I bought the machine used for 2,000.00 and probably put another 1,500.00 in it and it was still horrible. The main reason I bought itwas because it had AHHA software, the same as Sherm, so I knew he could help me with the learning process. I bought Sherlines CNC radial table for around 800.00 and it works great for a fourth axis. I can run it off it's own computer or put it in slave mode and run it off my reguler operating program.
A couple of years ago, I started reading tutorials on CNC on the internet, went to an exotic metal scrap yard and bought metal I thought I could use, got on e-bay and bought ball-screws, linear rails and bearings, large stepper motors and most all else that I needed and built my own Gantry CNC system.
The travall on my machine is 34" X 34" with a 15" Z travall. It's four axis, has Thomson precision 1" ball-screws with zero backlash, 1000 inch ounce Pacific scientific steppers, Parker drivers, NSK linear rails and bearings and a Precise 0 to 75,000 rpm variable speed precision grinder mounted to it. All parts in my machine are top quality and were made for heavy industrial use. I built my own power supply and used Parker drivers for dependability and long service.

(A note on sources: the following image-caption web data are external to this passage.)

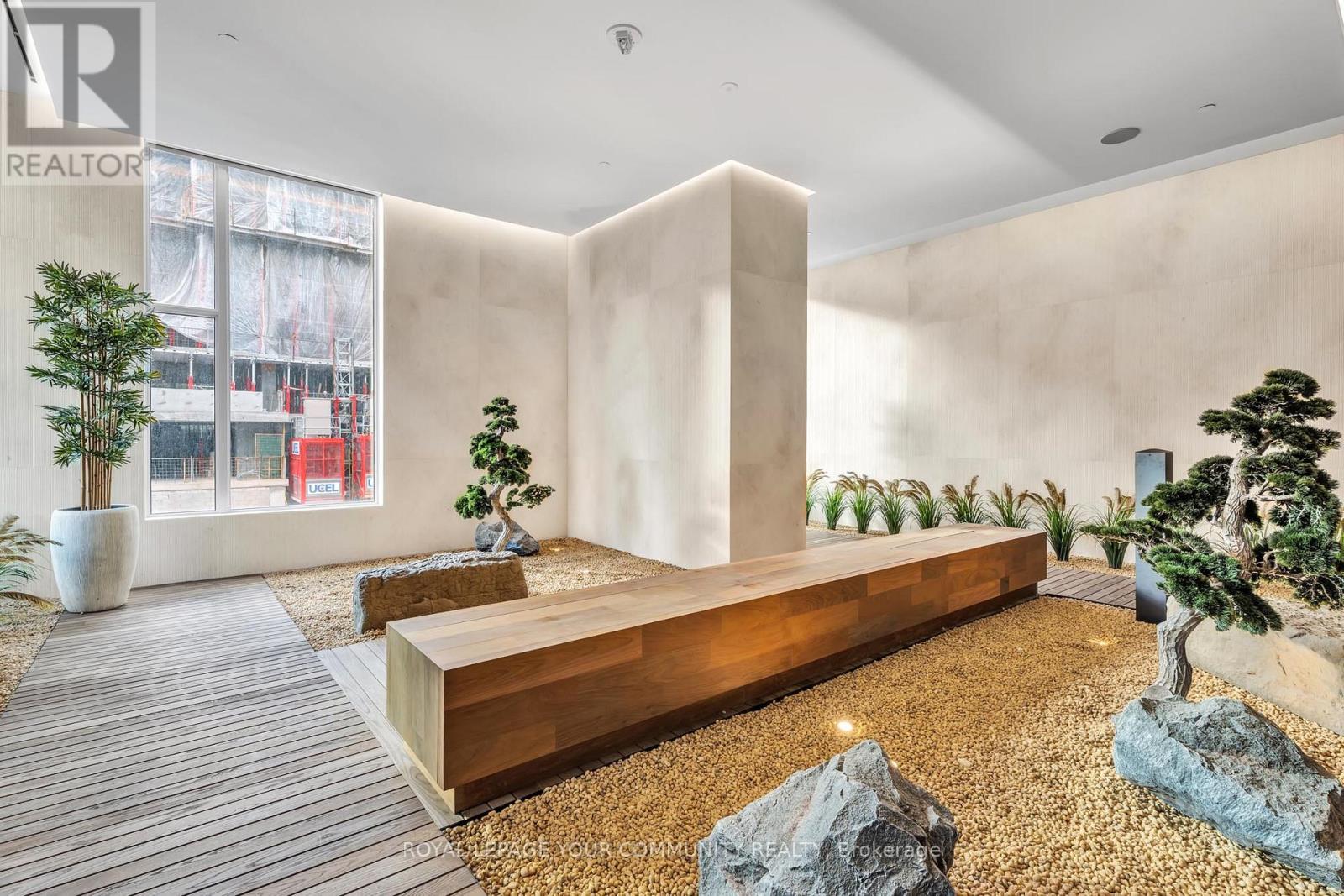 6204 - 11 Yorkville Avenue, Toronto, Ontario  M1W 1L2 - Photo 32 - C12685702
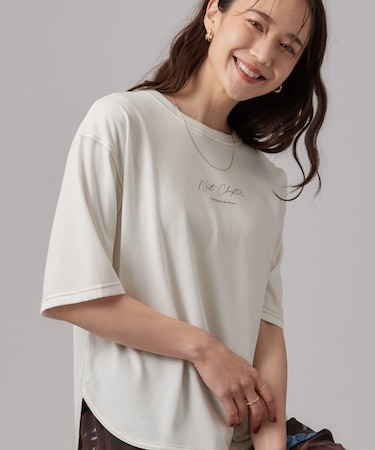 【S-LL/体型カバー】インせず着られる 配色ステッチ 5分袖ロゴTシャツ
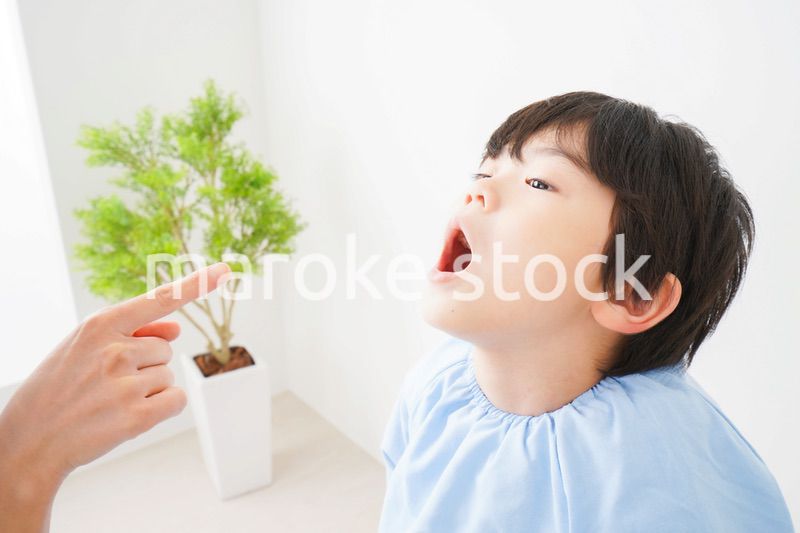 歯の検診を受ける男の子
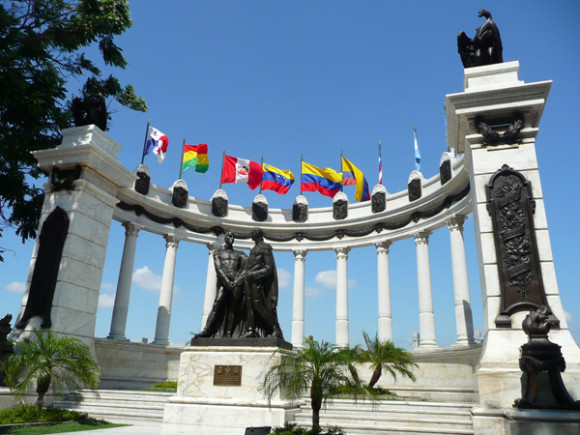 24 de Julio de 1783 IMPACTO LATIN NEWS Con ocasi&oacute;n de conmemorarse el Natalicio del Libertador Sim&oacute;n Bol&iacute;var, los organismos del Sistema Andino de Integraci&oacute;n, SAI, con sede en Ecuador, han organizado la Fiesta de Bolivar, un calendario de actividades acad&eacute;micas, culturales y art&iacute;sticas gratuitas y abiertas al p&uacute;blico en varias ciudades, con la participaci&oacute;n de acad&eacute;micos de varias nacionalidades, con el objetivo principal de promover la integraci&oacute;n andina y sudamericana. En el marco de las conmemoraciones, denominadas Fiesta de Bol&iacute;var, que iniciaron el 14 de julio, se han realizado varias actividades que incluyen actos acad&eacute;micos y culturales, presentaciones de libros, ceremonias de graduaci&oacute;n, etc., organizados por los diversos organismos del Sistema Andino de Integraci&oacute;n, entre ellos la Universidad Andina Sim&oacute;n Bolivar y el Parlamento Andino, que representa a 120 millones de latinoamericanos. LA FIESTA DE BOLIVAR Las actividades incluyen la 1a Jornada de Derecho Urbano, la Cumbre Social Campesina, la Conferencia de la Escuela Doctoral sobre Regionalismo Latinoamericano, Europeo y Comparado, el II Encuentro de Historia Militar, un Seminario de Salud Social con la participaci&oacute;n de la Organizaci&oacute;n Panamericana de Salud, otro de Tecnolog&iacute;a. Han participado varios centros acad&eacute;micos internacionales, entre ellos la Universidad de las Naciones Unidas, el Centro Andino de Estudios, la Escuela Polit&eacute;cnica del Ej&eacute;rcito, Universidad T&eacute;cnica del Norte, la Universidad de Toronto, la Universidad de Antioqu&iacute;a, la Universidad de Valencia, por mencionar algunos. UNIVERSIDAD ANDINA CUMPLE 22 A&Ntilde;OS Al conmemorarse 231 a&ntilde;os del natalicio del Libertador, la Universidad Andina Sim&oacute;n Bol&iacute;var, Sede Ecuador, le rinde un homenaje con una sesi&oacute;n solemne el jueves 24 de julio desde las 18:30, en el Paraninfo de la instituci&oacute;n. Esta fecha es relevante para la Universidad Andina porque tambi&eacute;n celebra su vig&eacute;simo segundo aniversario de fundaci&oacute;n, cuya visi&oacute;n est&aacute; apegada al pensamiento bolivariano que promueve la integraci&oacute;n de los pa&iacute;ses de la regi&oacute;n. Durante la ceremonia se presentar&aacute; el libro &ldquo;Convergencia CAN-Mercosur. La hora de las definiciones&rdquo;, de Alberto Adrianz&eacute;n M., parlamentario andino representante de Per&uacute;. Al igual que todos los a&ntilde;os, tambi&eacute;n homenajear&aacute;n a cada funcionario y docente de la universidad que cumpla diez y veinte a&ntilde;os de labores. Durante la Fiesta de Bolivar se han presentado varios libros, entre ellos: &ldquo;Desmemoria y olvido&rdquo; del acad&eacute;mico Roque Espinosa, &ldquo;Jam&aacute;s ha llovido reyes el cielo&rdquo; de Ivana Frasquet de la Universidad de Valencia. FIESTA ANDINA Luego de la sesi&oacute;n solemne se desarrollar&aacute; la Fiesta Andina desde las 6:00pm, con la presentaci&oacute;n de varios grupos de danza y m&uacute;sica de los pa&iacute;ses andinos (saya boliviana, cumbia colombiana, marinera peruana, sanjuanito ecuatoriano, entre otros) y la tradicional quema de castillo y juegos pirot&eacute;cnicos. CONCURSO DESARROLLO CONCIENCIA COMUNITARIA JUVENIL Paralelo a esta celebraci&oacute;n la Universidad participar&aacute; en la invitaci&oacute;n del Parlamento Andino el jueves 24 de julio en la entrega de ofrendas florales en el monumento al Libertador Sim&oacute;n Bol&iacute;var en el Parque La Alameda. Durante este acto se premiar&aacute; a los ganadores del Concurso de Desarrollo de Conciencia Comunitaria en Nuestros J&oacute;venes, que fue convocado por ambos organismos de integraci&oacute;n, cuyos ganadores pertenecen a diferentes planteles educativos. FOTO 1 La Rotonda, monumento a orillas del r&iacute;o Guayas, conmemora el hist&oacute;rico encuentro de los colosos de Am&eacute;rica mestiza, Sim&oacute;n Bolivar y Jos&eacute; de San Martin el 26 de julio de 1822, en el cual se trat&oacute; el destino del movimiento independentista sudamericano. ****************************************************************** RECUADRO CON FOTO DE AUTOR BOLIVAR REVISADO Es el t&iacute;tulo del art&iacute;culo de opini&oacute;n publicado el pasado 18 de julio en el diario El Comercio de Quito, por el Dr. Enrique Ayala, quien reflexiona sobre la manipulaci&oacute;n de Bolivar: &ldquo;El bolivarianismo ha llegado a ser parte de la ideolog&iacute;a de consumo de la sociedad. Hay ahora un Bol&iacute;var para cada uso y abuso, m&aacute;s all&aacute; de tradicionales f&oacute;rmulas de respeto. Es evidente que toda la vaciedad que puede darse al contenido bolivariano, todo el rastacuerismo que puede gastarse en una f&oacute;rmula de lo m&aacute;s mediocre, tambi&eacute;n se lo utiliza con el Libertador.  Bol&iacute;var ya no es solo un motivo de discusi&oacute;n ideol&oacute;gica, sino tambi&eacute;n un elemento de consumo que sirve igual para poner el nombre a las calles de las ciudades, para coronar reinas de belleza o para dar mayor realce a determinados actos sociales. Pero el bolivarianismo no es una tendencia as&eacute;ptica. Es una forma de entender la pol&iacute;tica y es una manera de asimilar la m&aacute;xima figura de la independencia para justificar proyectos muy concretos y espec&iacute;ficos.  Ahora mismo el Libertador es la punta de lanza de discursos del caudillismo redivivo. Hay, sin embargo, dos elementos que deber&iacute;an ser destacados en el pensamiento de Bol&iacute;var aqu&iacute; y ahora. El primero, Bol&iacute;var como ning&uacute;n otro hombre en el mundo, ni antes ni despu&eacute;s de &eacute;l, entendi&oacute; el problema de la identidad latinoamericana. Otro hecho b&aacute;sico y fundamental es que Bol&iacute;var no fue &ldquo;pionero del anti-imperialismo&rdquo;, un fen&oacute;meno posterior a sus d&iacute;as. Hay mucha gente que afirma que Bol&iacute;var fue pionero de actitudes radicales independentistas en Cuba, de la fundaci&oacute;n del socialismo en Am&eacute;rica Latina, o hasta quiz&aacute; por esta v&iacute;a podr&iacute;a decirse que Bol&iacute;var fue un pionero de los viajes espaciales. Pero creo que no hace falta esta re-canonizaci&oacute;n del Libertador para entender su verdadera dimensi&oacute;n. El Libertador no necesita &ldquo;ayuda&rdquo; para ser el mayor personaje de Am&eacute;rica&rdquo;.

I already had my cad/cam software, the AHHA cnc software for running the machine and the Sherline fourth axis so I never had to buy that stuff. Everything else that i bought on e-bay and the scrap yard to get this machine running came to less than 3,500.00. It is an extremly accurite machine I might add.
If I was going to build this again I believe I would take a different approach. Instead of building a Gantry system from scratch I would watch e-bay for a verticle CNC mill who's electronics have gone south. Bridgeports and other Verticle CNC machines have BOSS or one of the other industrial operating systems and when something happens to them they are extremely expensive to fix. They go off on e-bay all the time for 2,500.00 to 4,000.00. get one of these, strip all the electronics and put on a PC system for a fraction of the costs. They already have linear bearings, ball-screws and motors. You end up with a machine that is 10 times stronger and better built than the align-rite for less than half the money.